#### [What needs to be done]
Among the entries below, only the lines from the one with "ブラック|ID: prp329100004759043 ipo3291000000034434552" through the one with "где продают наркотики" are wanted, reproduced exactly. Pictures are not wanted.

#### [Dataset excerpts]
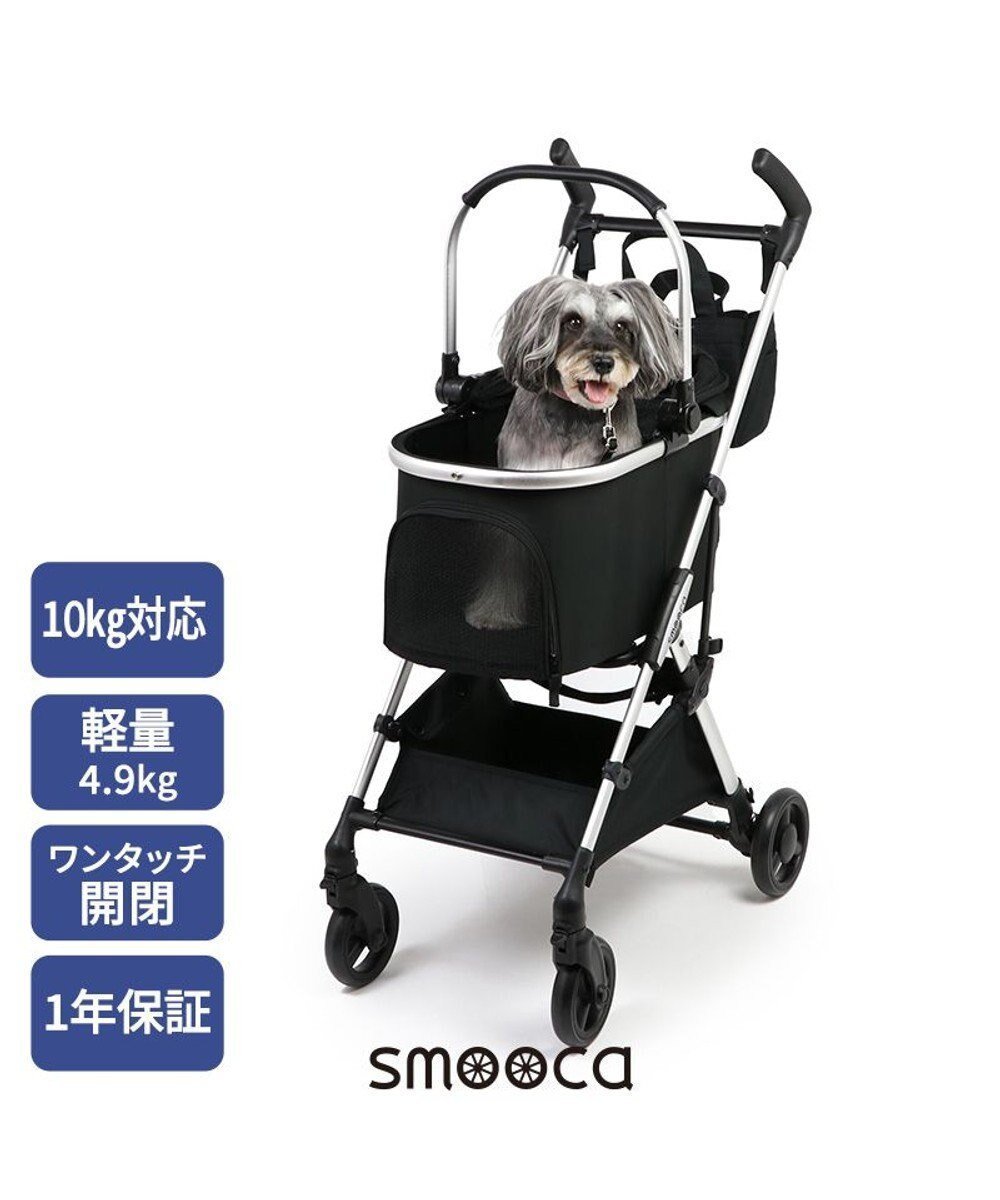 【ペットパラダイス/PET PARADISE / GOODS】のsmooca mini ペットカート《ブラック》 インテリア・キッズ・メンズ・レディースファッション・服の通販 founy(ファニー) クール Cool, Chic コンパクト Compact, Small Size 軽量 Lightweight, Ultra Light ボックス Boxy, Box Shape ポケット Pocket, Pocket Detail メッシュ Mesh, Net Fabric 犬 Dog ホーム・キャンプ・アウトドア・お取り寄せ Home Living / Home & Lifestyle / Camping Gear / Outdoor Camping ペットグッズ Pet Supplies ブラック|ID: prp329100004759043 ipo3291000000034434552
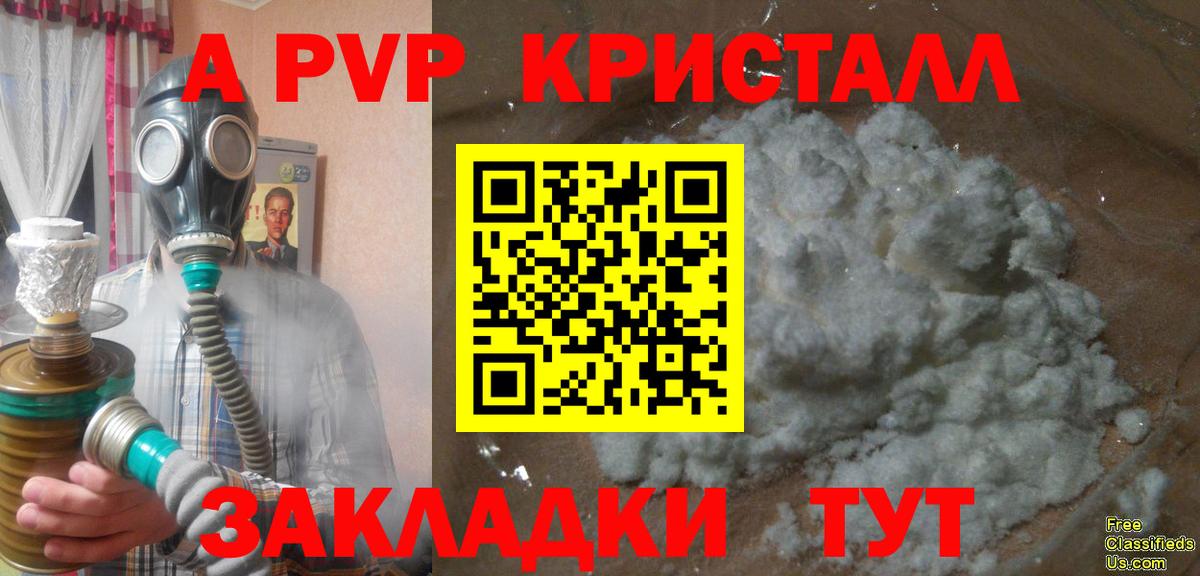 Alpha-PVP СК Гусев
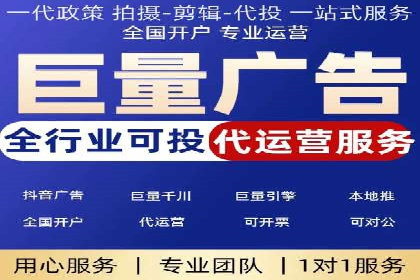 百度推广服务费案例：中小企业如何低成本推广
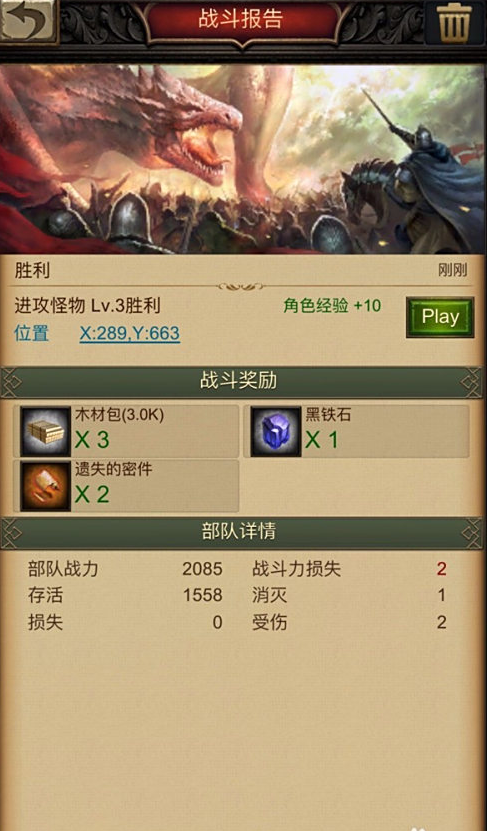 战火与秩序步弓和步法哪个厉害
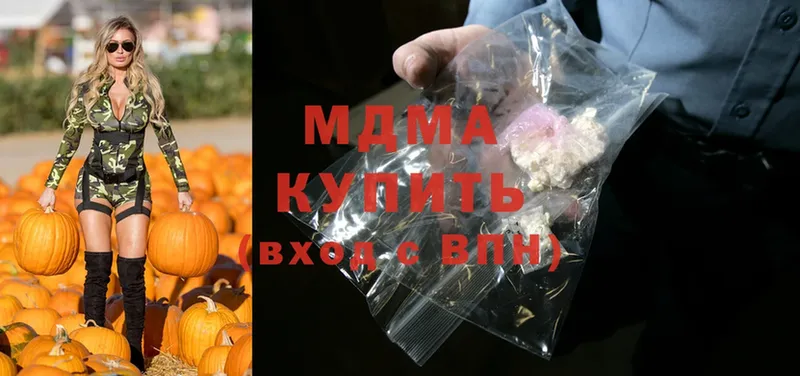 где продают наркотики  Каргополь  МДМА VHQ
==
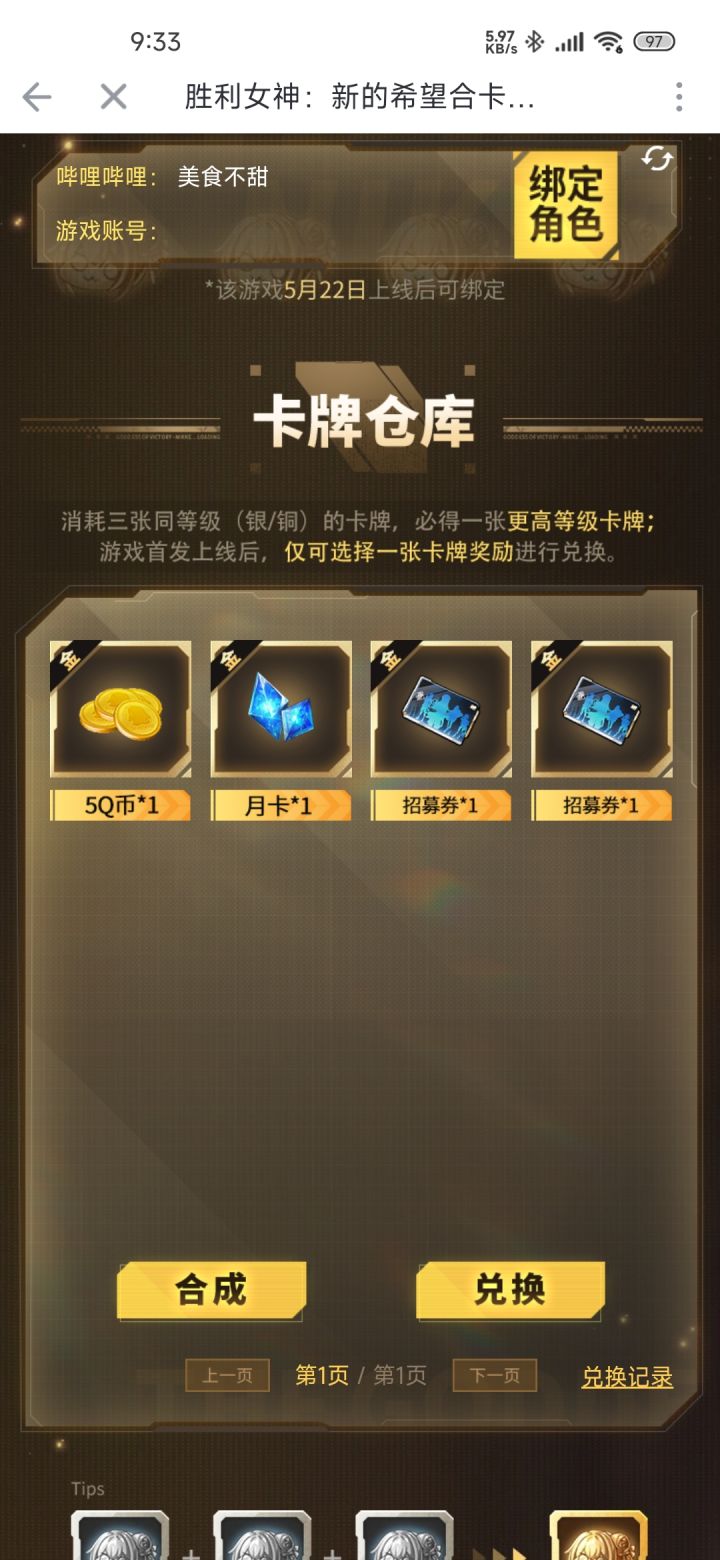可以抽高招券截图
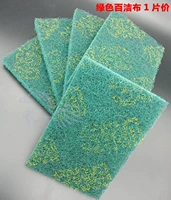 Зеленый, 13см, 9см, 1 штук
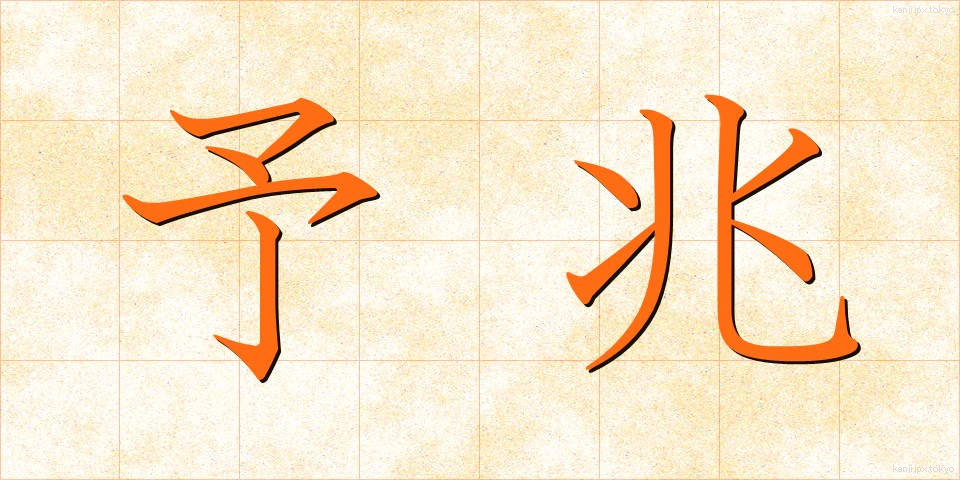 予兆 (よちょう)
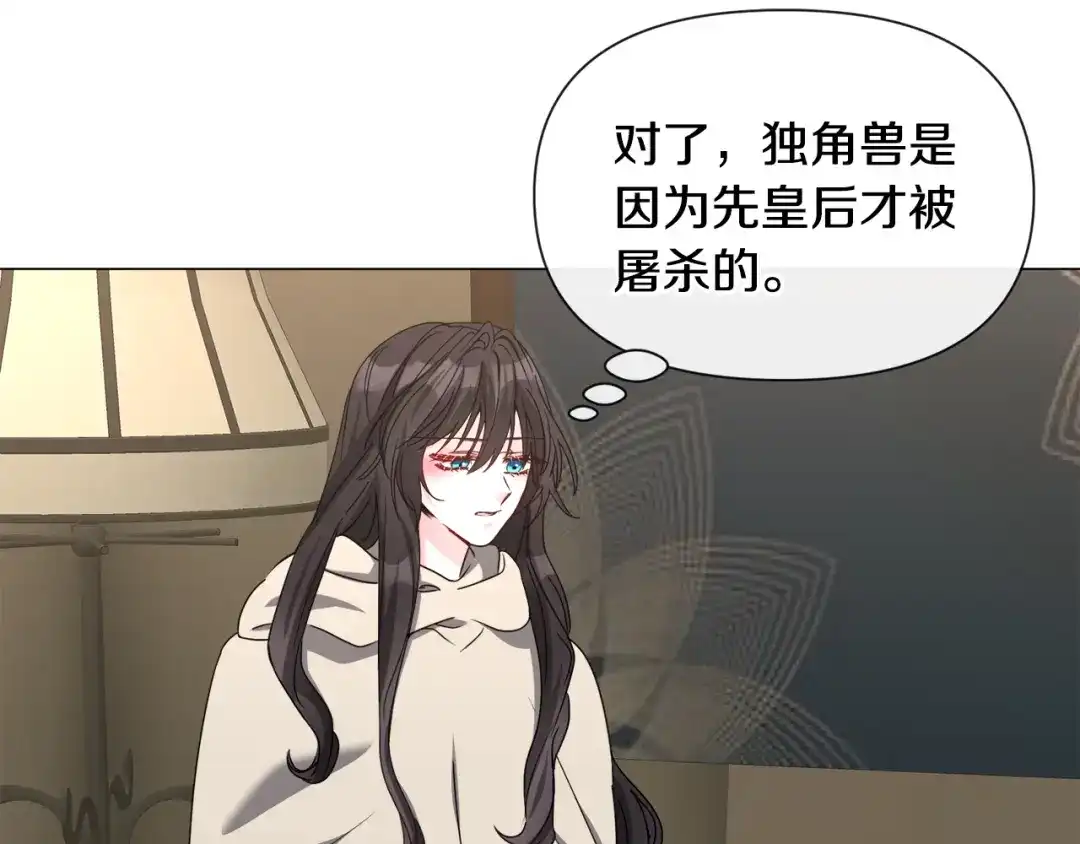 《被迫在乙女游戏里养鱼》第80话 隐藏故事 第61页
==
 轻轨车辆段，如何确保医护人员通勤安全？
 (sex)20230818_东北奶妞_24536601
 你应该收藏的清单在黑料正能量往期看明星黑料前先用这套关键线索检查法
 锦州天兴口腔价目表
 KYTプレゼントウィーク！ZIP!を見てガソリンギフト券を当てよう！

#### [Answer below]
 【ペットパラダイス/PET PARADISE / GOODS】のsmooca mini ペットカート《ブラック》 インテリア・キッズ・メンズ・レディースファッション・服の通販 founy(ファニー) クール Cool, Chic コンパクト Compact, Small Size 軽量 Lightweight, Ultra Light ボックス Boxy, Box Shape ポケット Pocket, Pocket Detail メッシュ Mesh, Net Fabric 犬 Dog ホーム・キャンプ・アウトドア・お取り寄せ Home Living / Home & Lifestyle / Camping Gear / Outdoor Camping ペットグッズ Pet Supplies ブラック|ID: prp329100004759043 ipo3291000000034434552
 Alpha-PVP СК Гусев
 百度推广服务费案例：中小企业如何低成本推广
 战火与秩序步弓和步法哪个厉害
 где продают наркотики  Каргополь  МДМА VHQ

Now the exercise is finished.